Weimar Hosting Jewish Festival to Bring People Together


Cultural hotbed Weimar highlights a mix of cultures in their Yiddish Summer Weimar festival.

A number of Jewish cultural festivals are happening all over the world this summer. The centerpiece, however, is the Yiddish Summer Weimar (YSW), a full month of cultural tours, performances, and workshops.

Weimar Hosting Jewish Festival to Bring People Together[/tweetthis]

For Germans, Weimar was always a cultural hotbed. The city is home to celebrated German cultural symbols like Goethe and Schiller. It was known throughout Germany, and even Europe for its literature, visual arts and music. The best Jewish cultural icons gave their best performances in the city from 1918 to 1933, the year Nazis took over the metropolis. Weimar, throbs with artistic innovation and cultural activity. Its latest cultural feather is the Yiddish Summer Weimar or YSW as the event is popularly known. The event, which is at its 17th year, began as a Yiddish music worskhop in Weimar under the 1999 European Summer Academy. It has evolved into “one of the most respected festivals for Jewish music and culture in the world,” writes Yael Breuer.

The 2017 theme of the YSW is “The Other Israel: Seeing Unseen Diasporas.” According to Dr. Alan Bern, Founder and Director, “as with all our projects, our goal is not merely to gain new knowledge, but to change how we experience ourselves and others, to create new possibilities for being together in this world.”

Other than the usual festive calendar, there will be a number of workshops and concerts dedicated to the number of cultures present in Israel. Ashkenazi culture will also be depicted. (Ashkenazi Jews are a Jewish diaspora population that converged in the Holy Roman Empire in the first century). The interplay among the different cultures will also be shown.

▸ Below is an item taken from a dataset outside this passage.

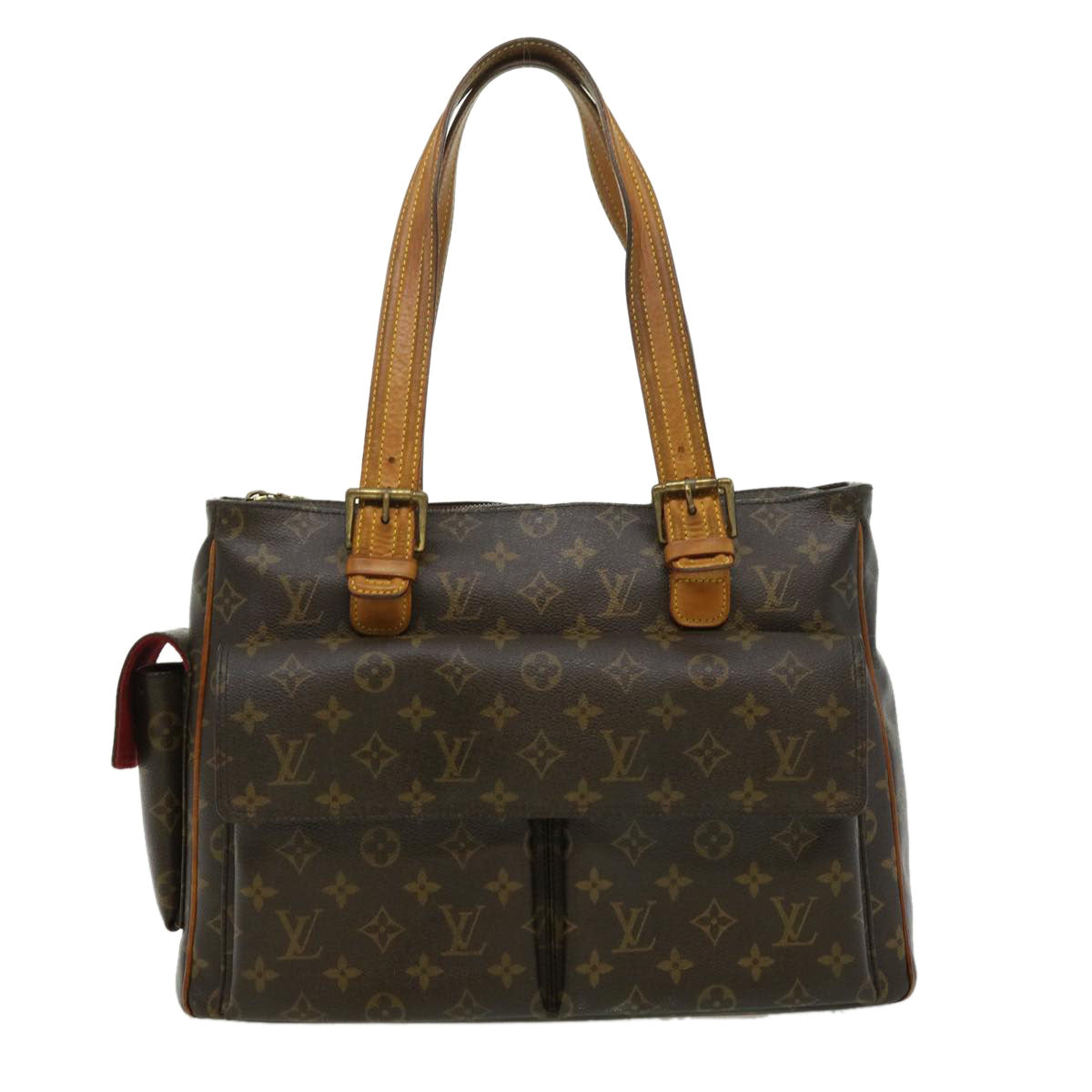 LOUIS VUITTON Monogram Multipli Cite Shoulder Bag M51162 LV Auth ar7403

One interesting mix will be the Voices of Peace Choir from Jaffa. The choir has Jewish musicians and singers performing with Arab-Israeli girls. The performance includes a number of Yiddish children's songs written by Kadya Molodowsky. They will perform in tandem with Schola Cantorum, of Weimar city.

The Caravan Orchestra of Haifa will also perform in Weimar. The cast includes Jews performing with Arab Israelis. This orchestra will play with many European musicians of different musical genres. The result will be a one-of-a-kind concert program blending Jewish, European and Arab traditions. The list of other must-see programs includes a concert to honor Ruth Rubin, the ethnomusicologist, and Yiddish classes. There will also be a workshop with the famous Mendy Cahan on badkhones (wedding rhymes). Yuri Vedenyapin will also teach the most engaging way to tell Yiddish stories.